** Dataset entries follows **

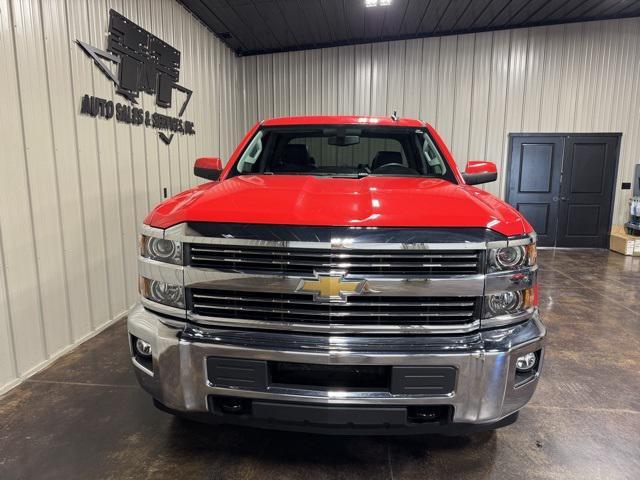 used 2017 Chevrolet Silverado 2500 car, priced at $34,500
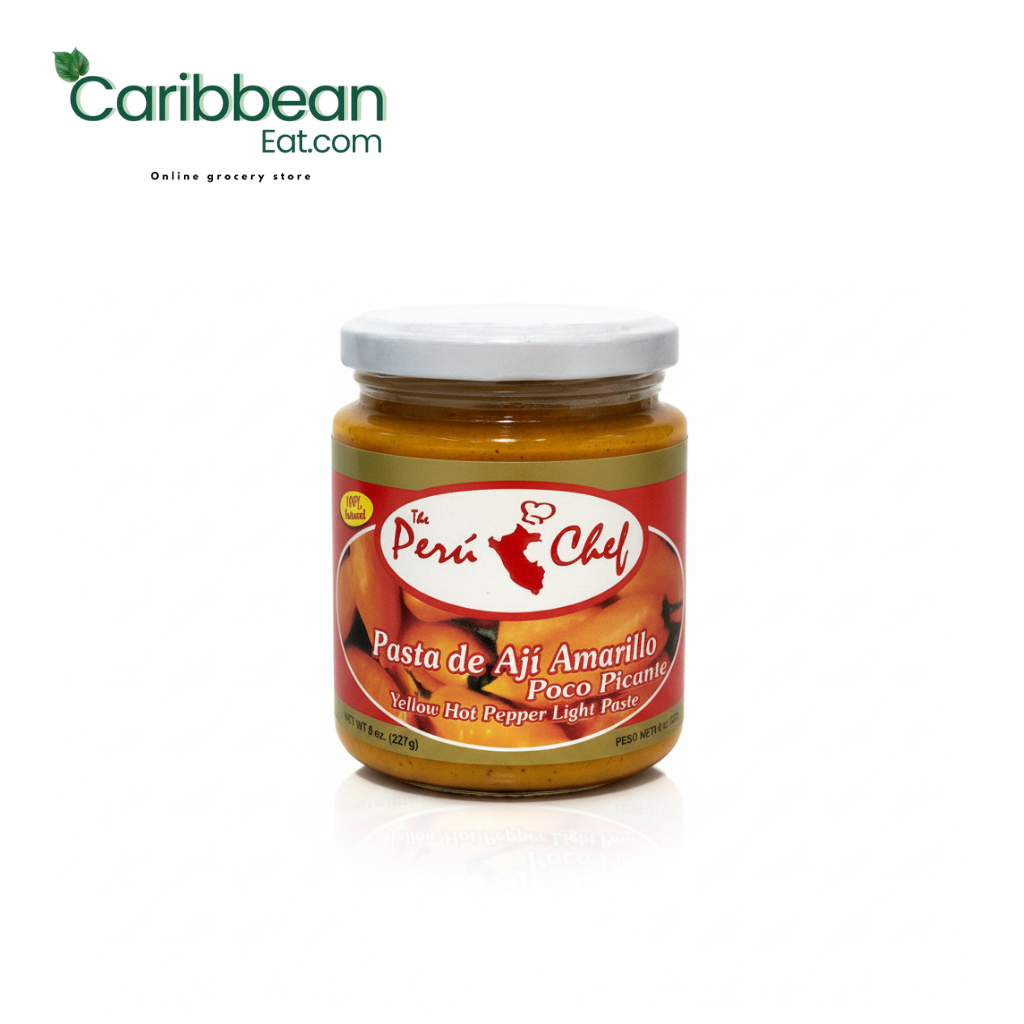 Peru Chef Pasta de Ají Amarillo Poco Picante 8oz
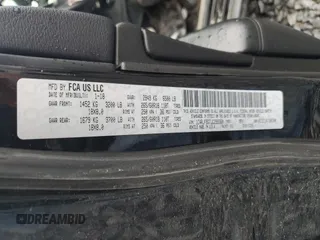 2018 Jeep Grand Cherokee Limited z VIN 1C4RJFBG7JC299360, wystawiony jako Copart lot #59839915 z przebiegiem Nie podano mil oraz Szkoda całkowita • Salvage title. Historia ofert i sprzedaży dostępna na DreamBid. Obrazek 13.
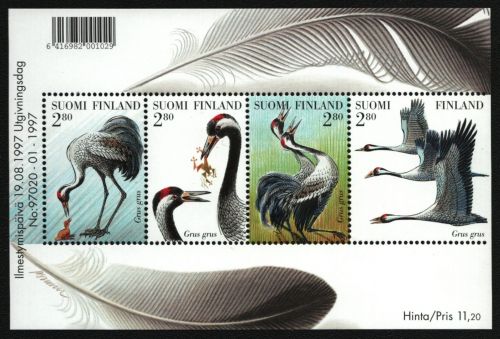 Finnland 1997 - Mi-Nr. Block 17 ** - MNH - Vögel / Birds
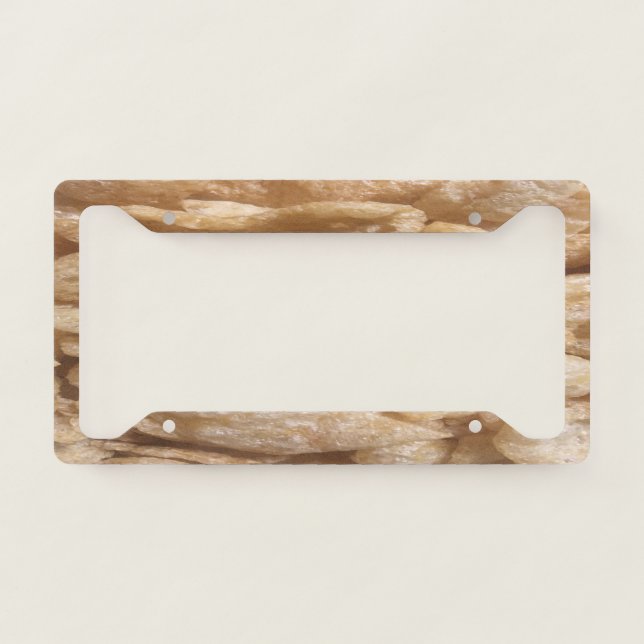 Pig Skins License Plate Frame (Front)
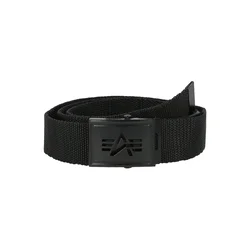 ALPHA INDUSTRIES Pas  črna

** End of Dataset entries **
** Dataset entries follows **

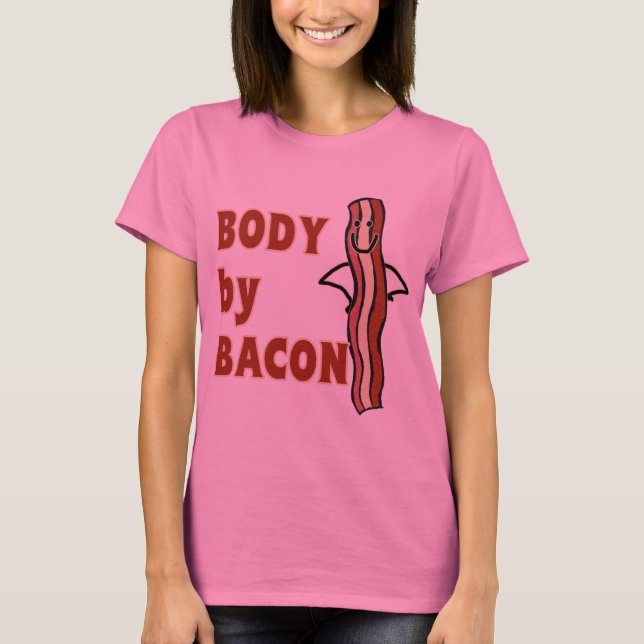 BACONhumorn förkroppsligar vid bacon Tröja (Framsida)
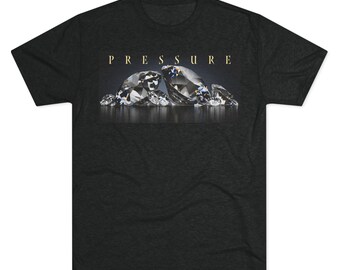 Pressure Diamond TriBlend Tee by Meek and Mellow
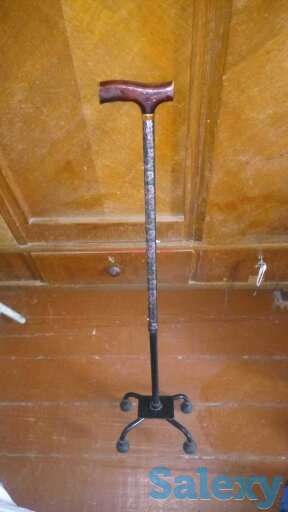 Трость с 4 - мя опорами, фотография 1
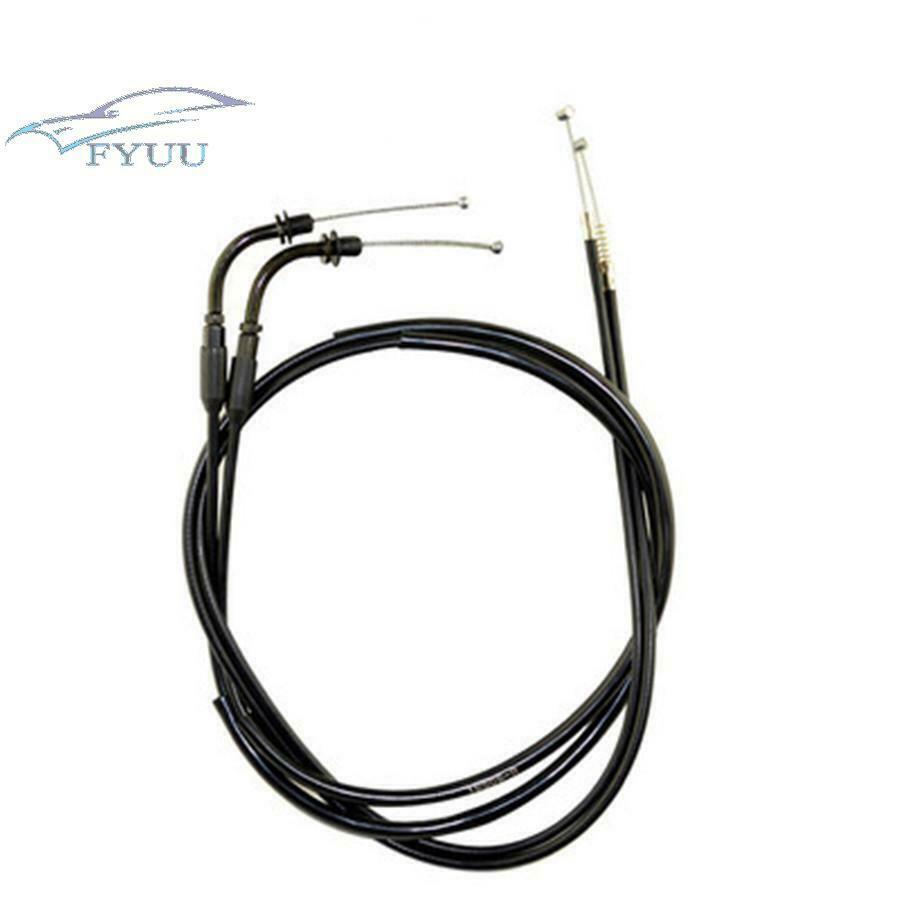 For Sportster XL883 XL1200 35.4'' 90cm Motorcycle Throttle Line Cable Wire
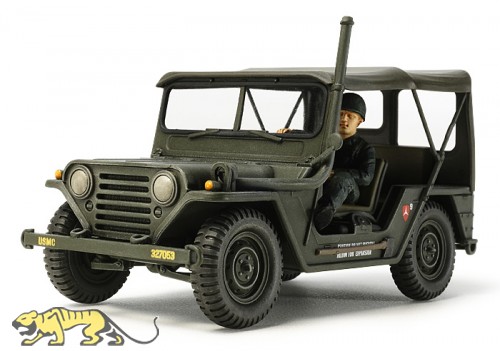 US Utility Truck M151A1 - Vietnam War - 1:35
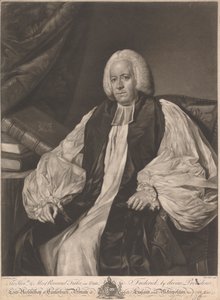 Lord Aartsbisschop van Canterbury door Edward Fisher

** End of Dataset entries **

Problem to solve:
What you return from the records above should be exactly everything from the line with "2018 Jeep Grand" down to the line with "ALPHA INDUSTRIES Pas", both kept, and no pictures.

Answer section:
 2018 Jeep Grand Cherokee Limited z VIN 1C4RJFBG7JC299360, wystawiony jako Copart lot #59839915 z przebiegiem Nie podano mil oraz Szkoda całkowita • Salvage title. Historia ofert i sprzedaży dostępna na DreamBid. Obrazek 13.
 Finnland 1997 - Mi-Nr. Block 17 ** - MNH - Vögel / Birds
 Pig Skins License Plate Frame (Front)
 ALPHA INDUSTRIES Pas  črna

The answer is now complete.